Final Test - Hard
|Name: _________________________||Period: ___________________|
This test consists of 5 short answer questions and 1 (of 3) essay topics.
Short Answer Questions
1. What is the name of Priscilla's dog?
2. What food does Kätchen's husband eat in William's room?
3. When the journalists leave Jacksonburg to chase Hitchcock's story, where does William go?
4. To where does William move after two photographers join his and Corker's room at the Hotel Liberty?
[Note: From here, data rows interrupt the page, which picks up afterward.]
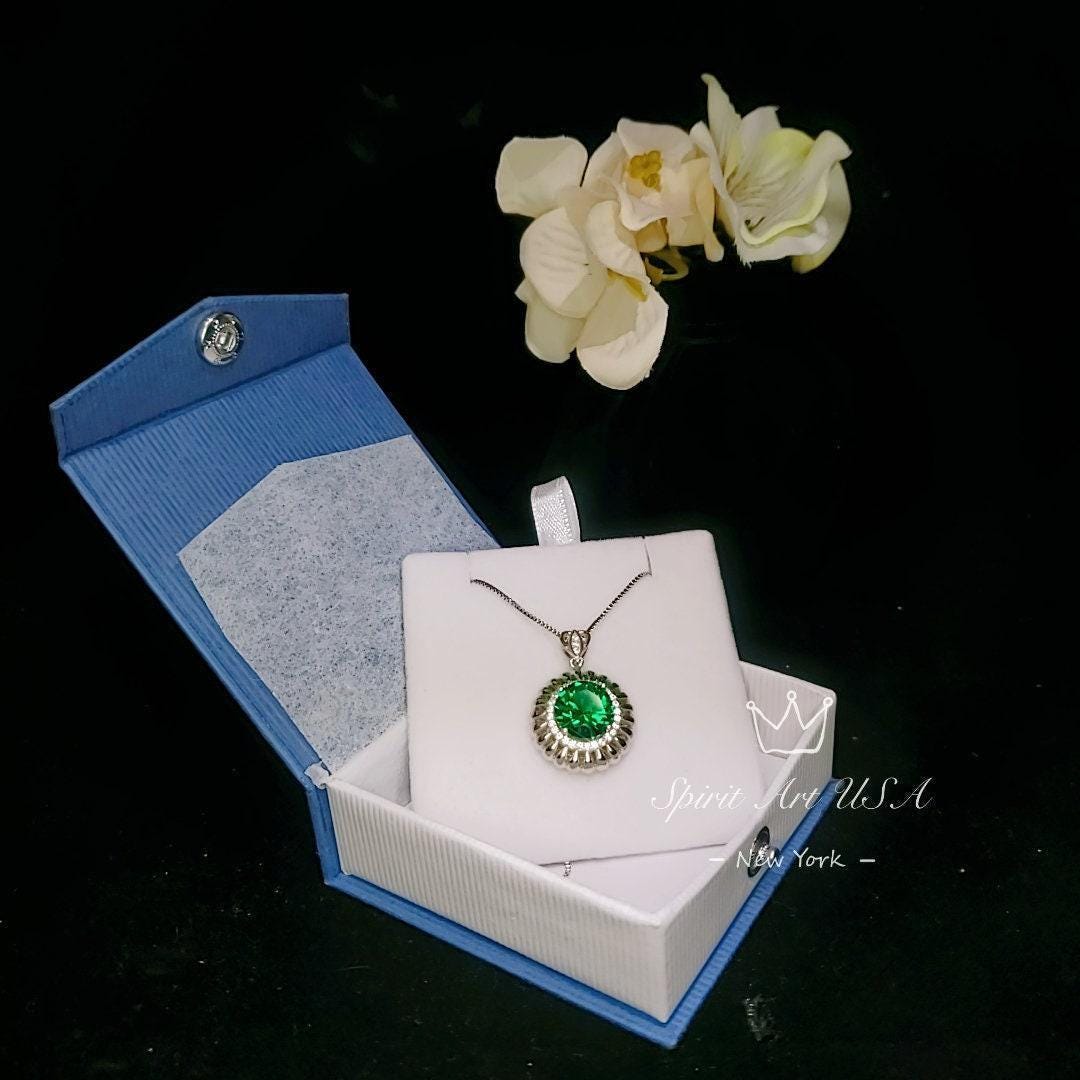 Large Emerald Necklace - Sterling Silver Sunflower Sun Necklace 4 Ct Green Gemstone Halo Emerald May Birthstone Gift #491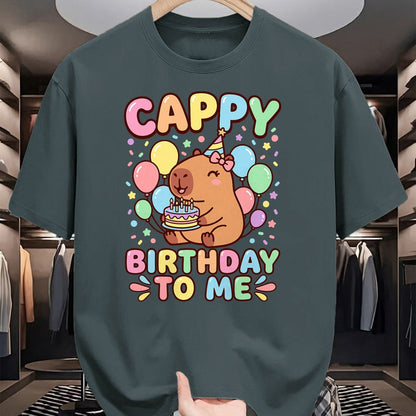 Cute Capybara Shirt, Funny Capybara UnisexT-Shirt/Hoodie/Sweatshirt HLT00 - Cappy Birthday Capybara Birthday to Me T-Shirt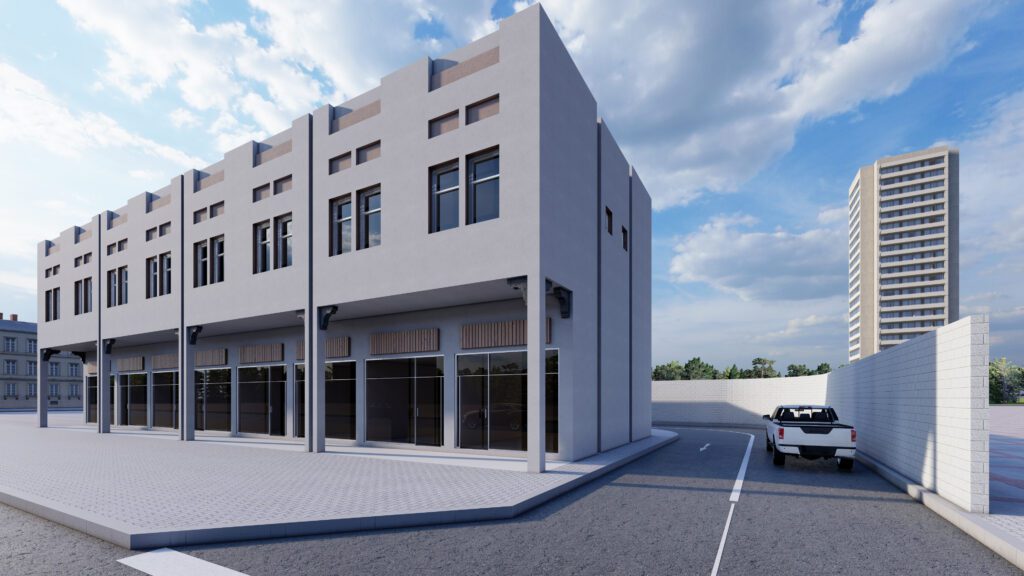 a 3d rendering of a building with a car in front of it.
5. For how much does William buy the stones offered him by Kätchen?
Essay Topic 1
In addition to poking fun at the lifestyles of Britain's rich and famous, Evelyn Waugh's Scoop places an ironic twist on literary romance. Usually the protagonist wins the beautiful damsel, sweeping her away from the insensitive brute. In Scoop, the damsel goes off with the brute after using the resources of the protagonist for personal gain. Write an analysis of the "love story" within Scoop. In what ways does it ironically parallel the traditional romantic story of literature? What is the significance of the corrupted love story to the whole of the plot? How does it affect William?
Essay Topic 2
In a well-developed analytical essay, compare and contrast two of the caricaturizations in Scoop. Examples would be Mrs. Julia Stitch, Nannie Bloggs, Corker, Kätchen's husband, Frau Dressler, and Mr. Baldwin. Each is representative, in an exaggerated, ridiculous way, of a strong type of character. How are your choices portrayed in the story? In what ways are these caricaturized portrayals alike? In what ways are they different? What effect on the reader is produced by each caricaturization? How is the reader invited to perceive the characters?
Essay Topic 3
An essential and amusing part of Evelyn Waugh's Scoop is the use of telegrams, or cables for short. Write an analytical essay on their significance to the story, both in terms of character development and of satirization of the newspaper industry. What do the cables demonstrate about the particular characters in the story? What do they tell the reader about the newspaper industry?